PROMPT: Once you find the line below that has "Análisis estructural de", output it and every line after it exactly, stopping after the line that has "Die Honorarordnung Fur", with no pictures.

DATASET ENTRIES:
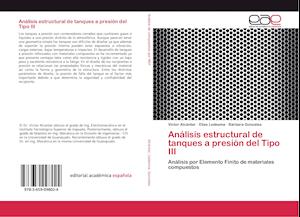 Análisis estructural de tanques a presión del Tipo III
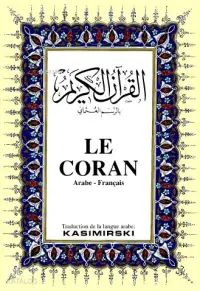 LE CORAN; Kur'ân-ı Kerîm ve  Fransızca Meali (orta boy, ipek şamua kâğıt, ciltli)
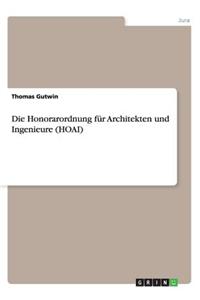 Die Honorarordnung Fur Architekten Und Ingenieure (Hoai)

==

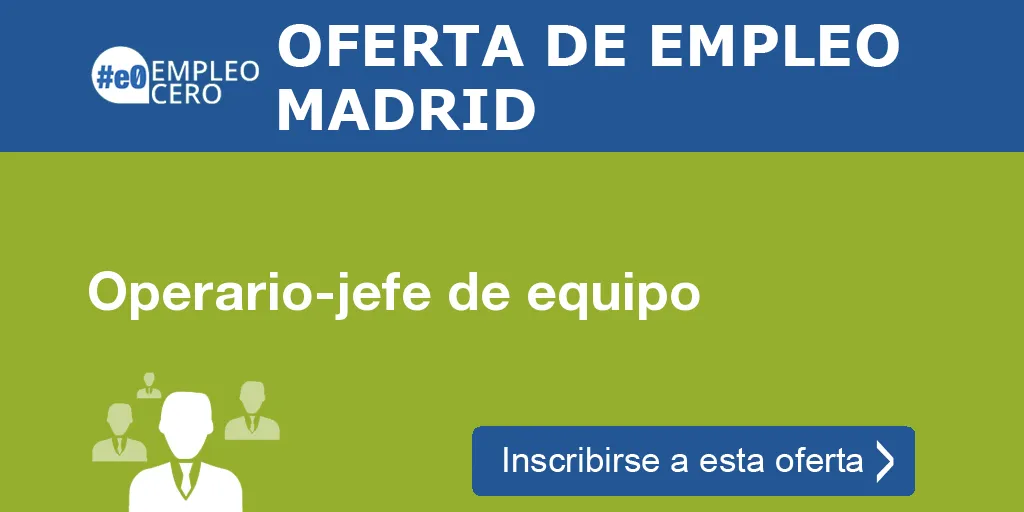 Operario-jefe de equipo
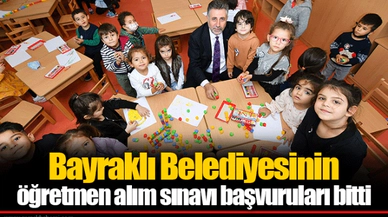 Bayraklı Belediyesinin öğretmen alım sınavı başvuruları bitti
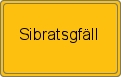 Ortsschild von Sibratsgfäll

--

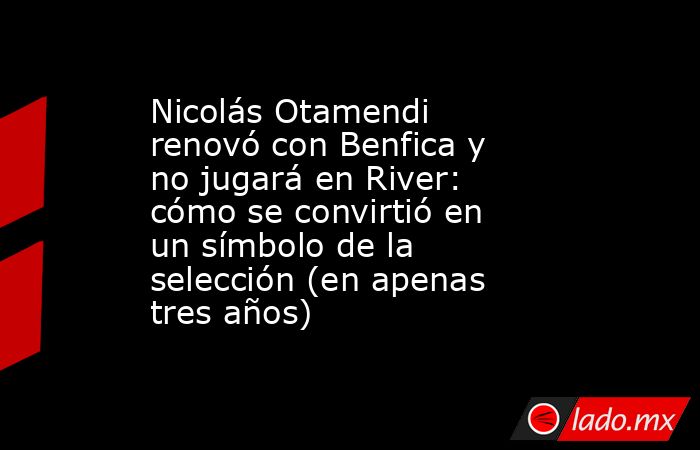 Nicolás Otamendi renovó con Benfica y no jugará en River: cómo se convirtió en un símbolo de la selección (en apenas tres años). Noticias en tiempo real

PROBLEM SOLUTION:
 Análisis estructural de tanques a presión del Tipo III
 LE CORAN; Kur'ân-ı Kerîm ve  Fransızca Meali (orta boy, ipek şamua kâğıt, ciltli)
 Die Honorarordnung Fur Architekten Und Ingenieure (Hoai)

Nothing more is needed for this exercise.